Un anneau pour les amener tous et dans les ténèbres les lier…
L’anneau du Seigneur des ténèbres, vaincu par les Hommes et les Elfes, s’est perdu au lieu d’être détruit. Or le Seigneur survit à travers son anneau, qui fait partie intégrante de lui. L’Anneau de Pouvoir a une volonté propre. Il rend puissant son porteur, mais le ronge et le porte vers le mal. Hommes, Elfes et Nains doivent le retrouver et le détruire, avant que l’emprise du Seigneur des Ténèbres ne s’étende à nouveau sur le monde…
Or l’anneau, chose imprévisible, est tombé entre les mains d’une race négligée, la moins ambitieuse de toute la Terre, pour laquelle le bonheur consiste à vivre caché, dans une région verdoyante (la Comté), à faire six repas par jour et à fumer la pipe. Une race d’êtres petits, poilus, casaniers et trouillards, et par conséquent très résistants au pouvoir de l’Anneau : les Hobbits. Un quatuor de jeunes gaillards qui n’avaient jamais quitté leur village va donc laisser derrière lui la Comté et traverser, pour détruire l’anneau, les forêts, les montagnes et les déserts de la Terre du Milieu…

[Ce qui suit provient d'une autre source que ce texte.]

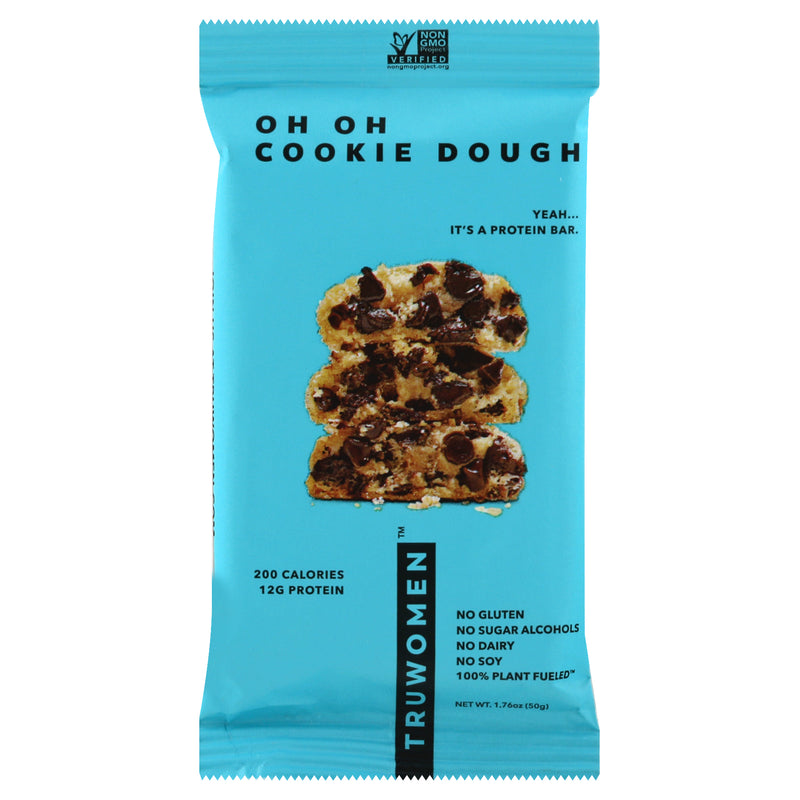 TRUBAR OH OH COOKIE DOUGH BAR [50 g]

Ce résumé est un peu long, je vous en demande pardon. C’est que, désormais bien connue en France, mais sous-estimée encore du point de vue littéraire, la gigantesque épopée de J.R.R. Tolkien est une des œuvres les plus riches et les plus admirables du siècle dernier. Absolument. Et le projet de Peter Jackson d’adapter la totalité du Seigneur des anneaux en une trilogie dont La Communauté de l’anneau est le premier volet (la suite à Noël 2002 et Noël 2003) a le double mérite de réjouir Olivier Boraz, et de témoigner que le cinéaste néo-zélandais a manifestement fondu un plomb.

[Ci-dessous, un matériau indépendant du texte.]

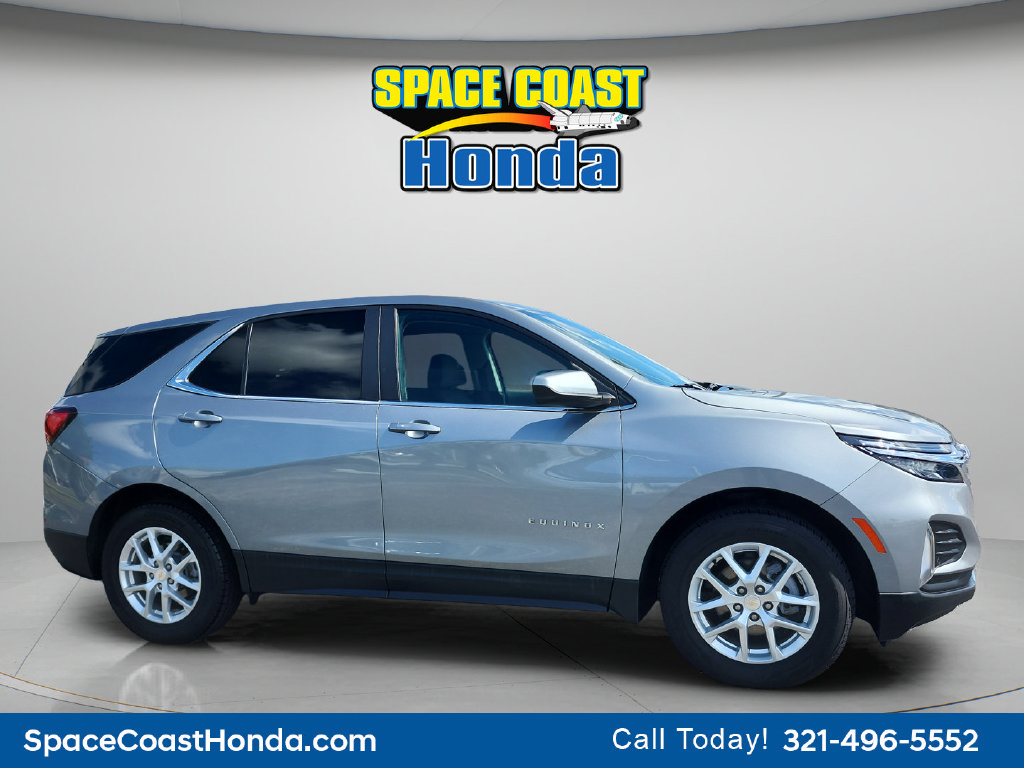 Used 2024 Chevrolet Equinox LT AWD/4WD image 12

Du coup, nous avons eu droit, pour les fêtes de fin d’année, à un grand match Harry Potter / Seigneur des anneaux, avec dans les deux cas la Warner derrière (en l’occurrence via sa filiale New Line d’acquisition récente). Si littérairement il n’y a pas photo, cinématographiquement ça se discute. Le film de Peter Jackson est bien entendu d’une autre trempe que celui de Chris Columbus (à la mesure de la différence générale de niveau entre l’auteur de Maman, j’ai raté l’avion et celui de Créatures célestes), mais il n’est pas exempt de défauts, dont le moindre n’est pas un certain pompiérisme.

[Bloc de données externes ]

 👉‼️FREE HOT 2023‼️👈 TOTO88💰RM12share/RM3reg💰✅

Tolkien fait de la littérature bien de son époque, post-moderne si l’on veut ; il est conscient d’un certain nombre de modèles, et travaille sur un fonds mythique qu’il n’a pas inventé, et qui pour lui relève de la culture, et lui est en quelque sorte extérieur. Son génie est de tout refonder, de parvenir à faire croire à son lecteur que tout est nouveau, tout d’abord en inventant un monde romanesque d’une complexité jamais égalée (avec cartes, langues, comput historique s’étendant sur dix mille ans), ensuite (et surtout) en faisant œuvre de grand styliste, voire de poète, ménageant une douce transition entre l’humour tout britannique qui accompagne la description du monde des Hobbits (eux-mêmes satire évidente de l’Anglais moyen), et la ferveur épique de la fin. Peter Jackson n’a cure de ces nuances, commence fortissimo (dévoilant ainsi trop tôt le visage du Mal, regrettable erreur dramaturgique), et continue de même, se pliant aux exigences du cinéma d’action contemporain (pas le temps de respirer). Il en résulte ce rythme égal qui a le mérite de plaire un peu dans toutes les régions du monde, mais qui a du mal à susciter notre enthousiasme. Il y a eu toutefois bien pire, et il serait méchant d’écraser le cinéaste sous l’ombre de l’écrivain. On pourrait rêver, paradoxalement, d’un Seigneur des anneaux moins spectaculaire, dont les couleurs seraient moins ostensiblement travaillées, le folklore moins souligné… l’imagination de Tolkien n’a nul besoin d’être appuyée, tellement elle est puissante, et le vrai travail du cinéaste devrait être de souligner la valeur humaine de l’œuvre originale… Peter Jackson y parvient toutefois par moments, notamment en s’appuyant sur ses acteurs. Il était délicat de donner vie à des personnages parfois mythiques pour le lecteur ; Elijah Wood et ses camarades ont toute la candide fragilité des Hobbits ; Orlando Bloom, Liv Tyler et Cate Blanchett toute la divine mélancolie des Elfes, ces êtres supérieurs dont la supériorité consiste à savoir qu’ils ont fait leur temps et doivent s’effacer (à méditer…). Grâce à eux, on attend avec fidélité la seconde partie, pour dans un an…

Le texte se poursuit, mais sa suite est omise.